Alors que les efforts restent toujours en cours, de nombreux maliens ont été victimes de la traite des personnes en 2023. Ils sont au total plus de 5000 citoyens touchés l’année dernière. Dans le rapport du comité national de coordination de lutte contre la traite des personnes, l’accent a été mis sur toutes les activités menées en 2023. Le document permet, indique-t-on, de mesurer les efforts fournis dans la lutte contre le fléau. Il met également l’accent sur les défis qui se posent dans le secteur. Ainsi, ajoute-t-on, les activités de formation et de sensibilisation ont concerné 13 813 personnes, dont 5792 femmes. Se fiant aux chiffres relayés par le comité, 5481 personnes victimes de la traite des personnes et autres pratiques assimilées ont été identifiées, assistées et protégées en 2023. A cela s’ajoute le jugement de 16 dossiers impliquant 116 personnes qui ont été jugées par la cour d’assises spéciale de Kayes et le tribunal de grande instance de Bafoulabe, une des localités du Mali. Même si ces résultats demeurent satisfaisants, tout porte à croire que l’enraiement de la pratique est une lutte de longue haleine.
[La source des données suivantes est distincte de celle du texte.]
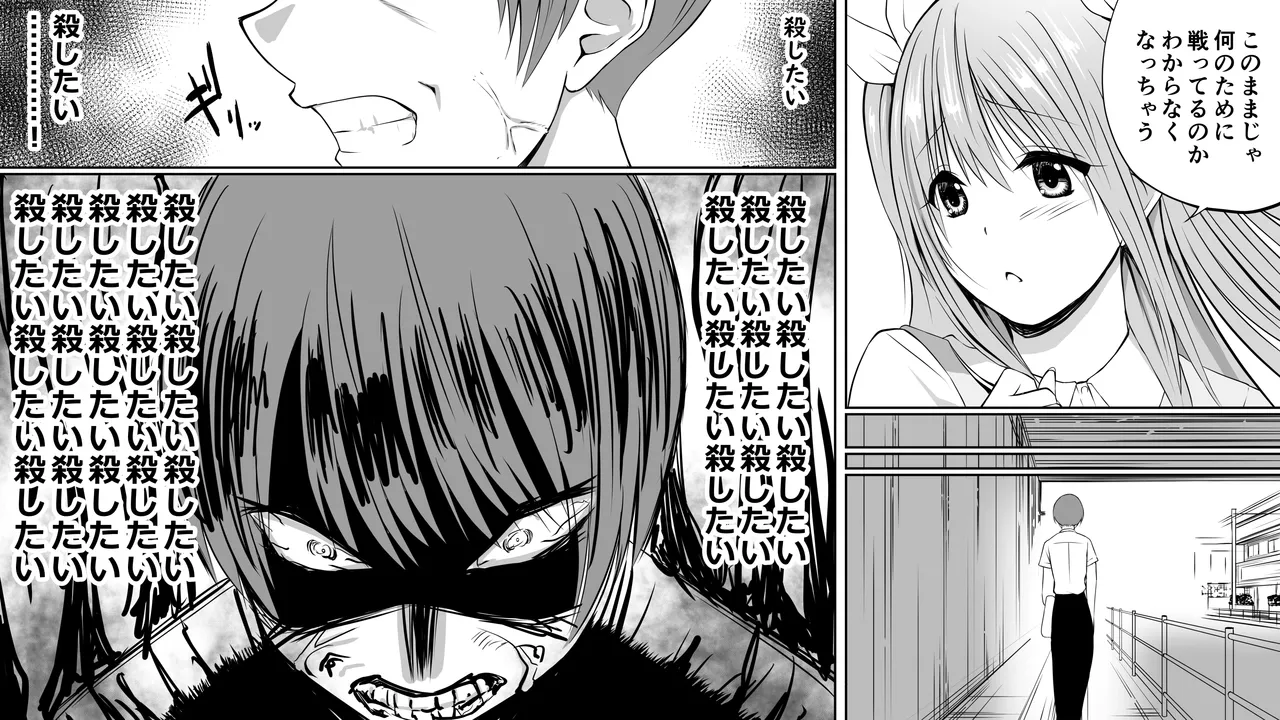 いじめの復讐の為に洗脳怪人の力を手に入れた俺が魔法少女を倒すまで Page.6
La région de Kayes au centre de l’esclavage par ascendance
Dans la première région administrative du pays, la violence due à l’esclavage par ascendance avait atteint son summum. Sur les faits recensés en 2022, figure celui d’une personne de troisième âge, brûlée avant sa mort. Le 29 juillet 2022, le cadavre brûlé et mutilé de Diogou Sidibé, âgée de 71 ans avait été, faudra-t-il le rappeler, découvert près de son champ non loin de Lany Mody, un village situé dans le cercle de Kayes. Comme détaillé par plusieurs organisations de lutte contre l’esclavage à l’époque, ledit acte était dû au refus de la vieille dame de se soumettre au statut d’esclave. Sur la toile, le fils de la défunte témoignait qu’elle a été tuée pour avoir refusé de retirer sa plainte contre une autre femme qui l’avait battue le 10 juin 2022. Lequel retrait allait permettre à la présumée coupable de bénéficier d’une liberté provisoire. Le 6 juillet 2022, sur le chemin du champ, la vieille femme « toute joyeuse », écoutait une chanson à la gloire d’Ousmane, un riche commerçant de la localité qui venait d’offrir un forage au village, raconte-t-on. Sur la même route, elle croise le septuagénaire Samba, un membre de la famille royale du village qui lui interdit d’écouter cette musique non destinée « à un esclave indigne » comme la dame. Face à son refus, la vielle personne a été battue. Le bras avec lequel elle tentait de se protéger a été fracturé par son assaillant membre d’une famille dite royale, alors que sa tête coulait déjà du sang à cause de la blessure. Le même intéressé aurait appelé des membres de sa famille pour tabasser ceux de la famille de la défunte, a-t-on appris à l’époque. Rappelons qu’en date du 21 novembre 2019, 110 personnes, en majorité des femmes et des enfants ont fui le village Khérouané pour Diéma après avoir refusé le statut d’esclaves. Le 4 juillet 2021, des habitants du village de Makhadougou, considérés comme des « esclaves » ont été empêchés de travailler dans leurs champs en raison du même problème. 12 personnes ont été blessées par des machettes et des coups de fusil. Le 28 septembre 2021, une vidéo montrant des jeunes ligotés et torturés avec des armes blanches a fait le tour des réseaux sociaux. La scène filmée à Oussoubidiagna aurait fait 1 mort, 77 blessés et 3000 « esclaves » déplacés, suivant les données fournies à l’époque.